Pero al tiempo, llegó el inesperado golpe de suerte.
Casi por casualidad (como siempre parecen suceder estas cosas) alguien encontró lo que hoy se conoce públicamente como El Diario Militar, una lista de 182 personas desaparecidas entre agosto de 1983 y marzo de 1985, con nombres, fotos, detalles de los secuestros y anotaciones sobre los abusos que sufrieron. La lista simplemente demostraba el plan de abusos sistemáticos que existía bajo el mando de Ríos Montt.
Antonio y los suyos llegaron a la Corte.
“Cuando estábamos en la torre del tribunal, había coraje porque nosotros ya nos habíamos visto cara a cara con Ríos Montt.
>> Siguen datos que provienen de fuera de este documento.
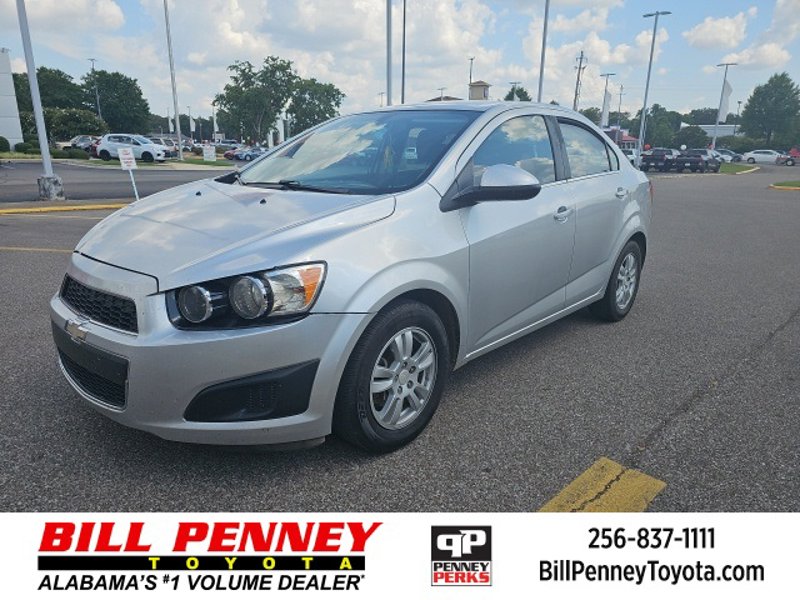 Used 2016 Chevrolet Sonic LT image 1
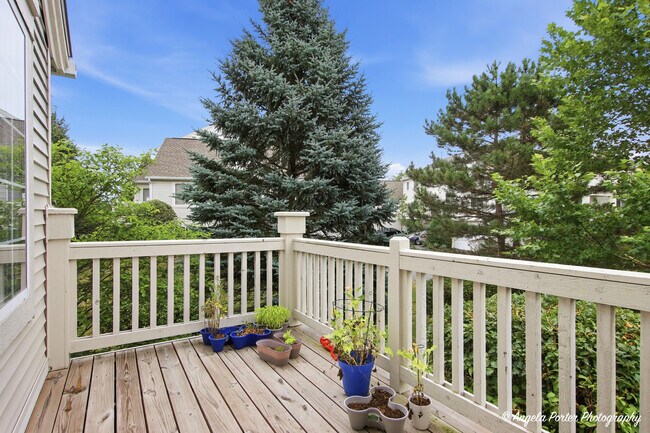 Building Photo - 649 S Parkside Dr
Para mí es un logro y una victoria porque esa es la historia de un maya, de los mayas. Está en un tribunal, cara a cara con un militar que antes era intocable, pero ahora sí.”
El juicio fue histórico y en enero de 2012 se lo acusó formalmente como responsable de ordenar genocidio en varios puntos del país. Aunque sus abogados apelaron la condena y el tribunal todavía esta decidiendo.
Al mismo tiempo, el actual presidente del país, el general retirado Otto Pérez Molina, está tratando de ofuscar la realidad de los crímenes, afirmando a principios del año que nunca hubo un genocidio.
“Tenemos la esperanza que [Ríos Montt] sea condenado. Ellos lo que intentan es ganar tiempo. Ríos Montt ha intentado poner recursos, amparos para ganar tiempo, pero nuestra esperanza es lograr que se vaya –aunque sea cinco días– a la cárcel, nuestra esperanza es que se escriba en el libro que el general Efraín Ríos Montt fue encarcelado por las víctimas de genocidio.”